Salí al camino del verano cargado de libros como quien lleva al hombro un macuto de ilusiones. Una cifra inabarcable de títulos conjuraba un despropósito imposible, una utopía de lecturas que se iban amontonando bajo el peso de páginas de lavas y de luces.

Sobre los juegos malabares de un tablero pintado a tiza entre los adoquines, sobre esa rayuela de vértigos y calles, de sombras y de jazz, se crispó la voz enrevesada de un ruso llamado Vladimir que alardeaba de ardores y de árboles en pic-nics atravesados por pedazos de sol, en hierbas reverdecidas bajo el peso de dos dulces cuerpos sedientos de sí mismos, del olor de la piel húmeda regresando al gemido de la boca en ruinas, de aquella Terra que ya no habitaré con la misma ingenuidad de un sexo impúber o con la redondez inocente, blanca, aureolada de dos ocres blanduras nacaradas todavía tímidas: tus ocres blancuras, Ada, querida Ada, oh dulce Ada de secretas recompensas.
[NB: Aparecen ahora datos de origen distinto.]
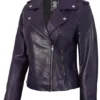 Kirsten Women's Purple Asymmetrical Biker Style Leather Jacket product image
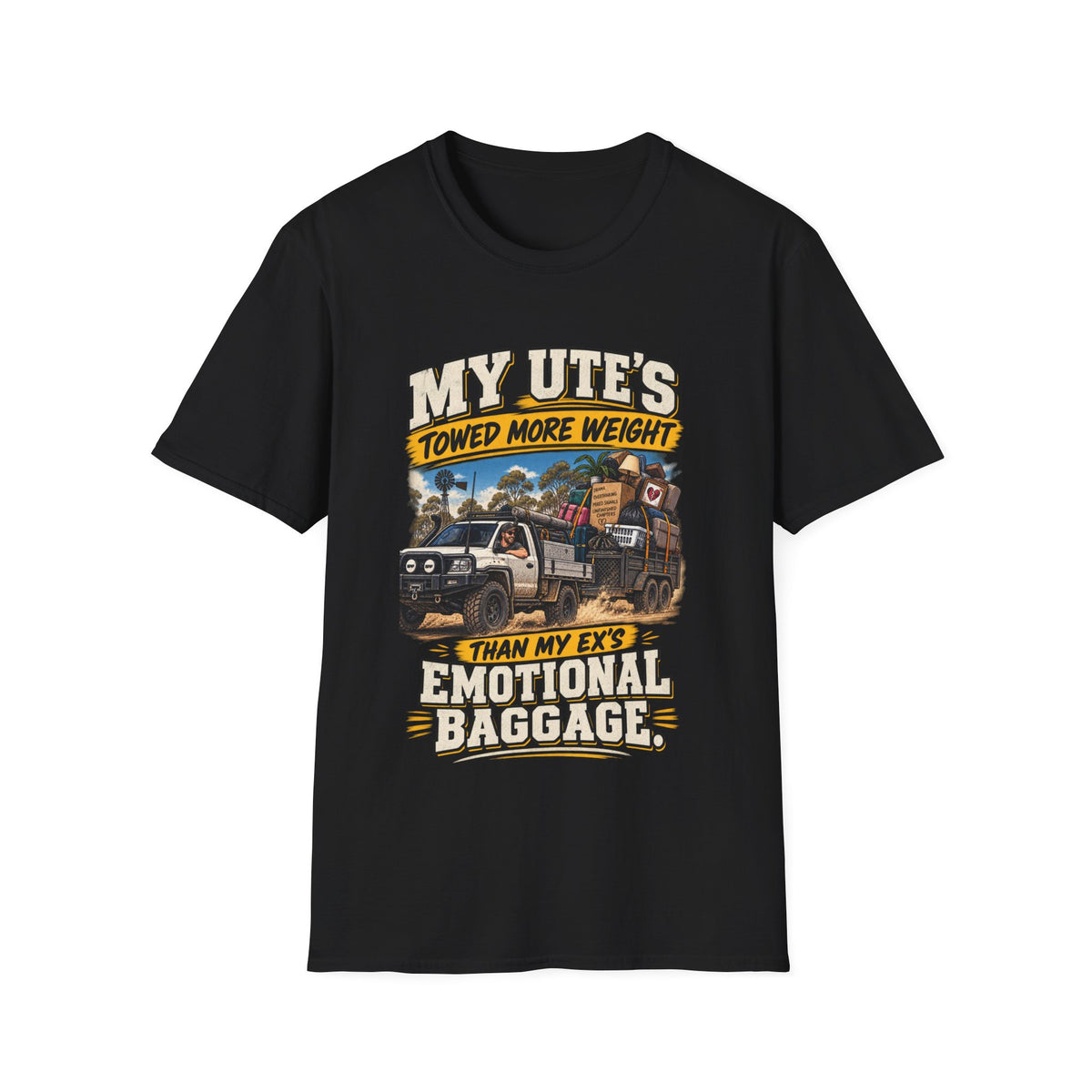 Ute T-Shirt – "My Ute's Towed More Weight Than My Ex's Emotional Baggage" Truck Graphic Tee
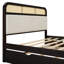 Grand lit plateforme en bois avec lit gigogne et 2 tiroirs, espresso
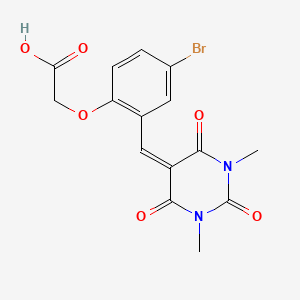 {4-bromo-2-[(1,3-dimethyl-2,4,6-trioxotetrahydro-5(2H)-pyrimidinylidene)methyl]phenoxy}acetic acid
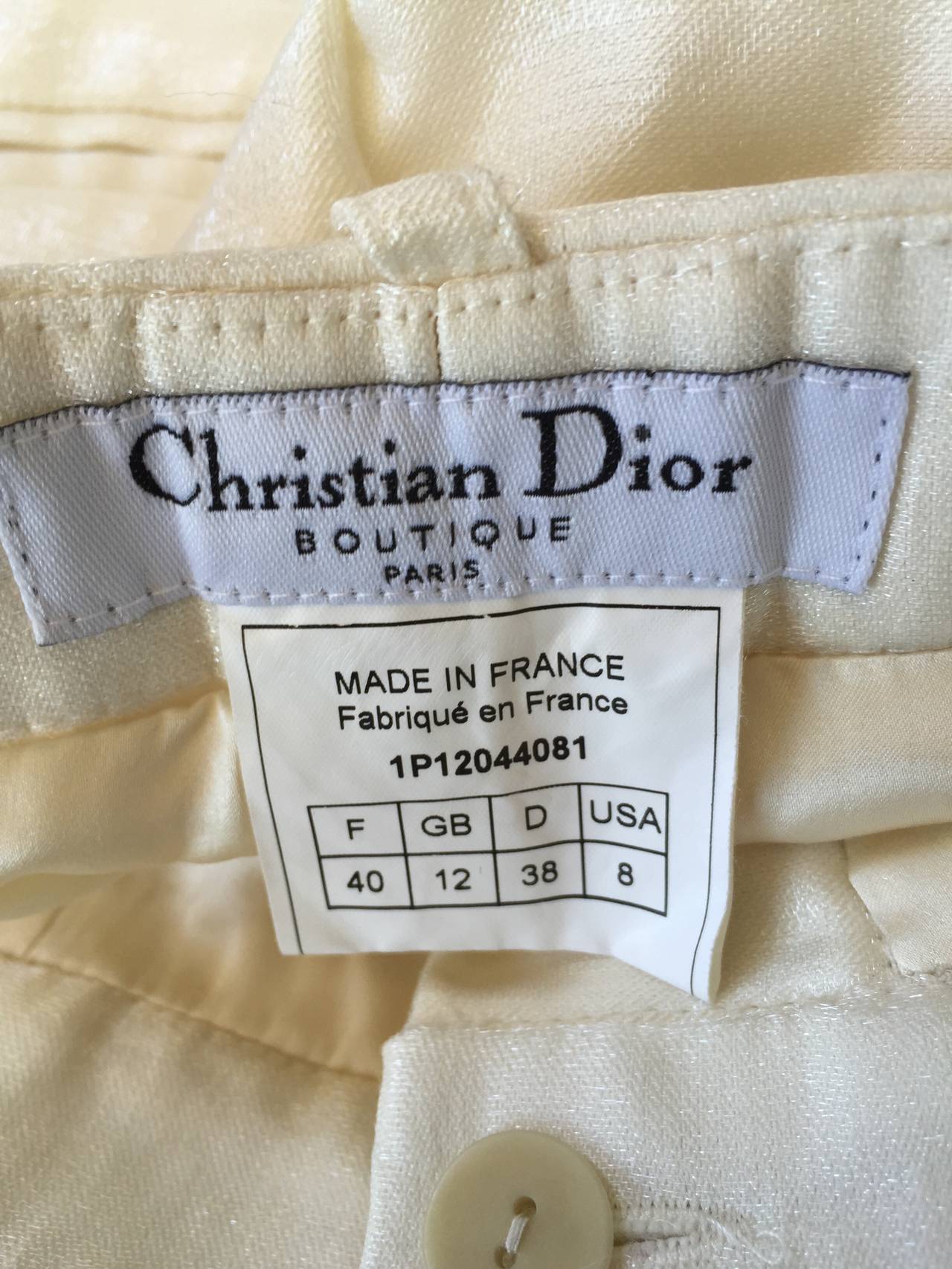 Christian Dior Galliano Size 8 Ivory Metallic Le Smoking Shimmer Trouser Pants 2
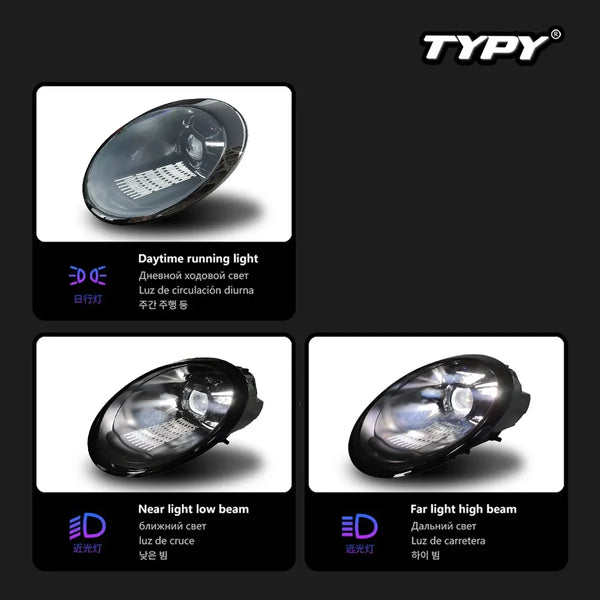 TYPY Headlights Car For Porsche 911 997 Headlight 2005-2012 997.1 997.2 Upgraded Dynamic Turn Car LED Matrix Headlight Assembly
Este era el camino hasta despertar una mañana de un sueño intranquilo, convertido en un légamo pestilente y odioso, oh tú, aire frío exhalado en el amanecer de un día gris; tú que vaciaste el cuerpo de mi adorable insecto encerrado entre los muros de la sinrazón; nada le dejaste, apenas quedó un halo de santa humanidad entre las patas inmóviles y erectas - informes por cansancios y desvelos -, apenas quedó nada sino una mancha ensombreciéndolo todo y ese escozor último bajo la lengua, el áspero desahucio del odio que quedará prendido en la memoria para siempre.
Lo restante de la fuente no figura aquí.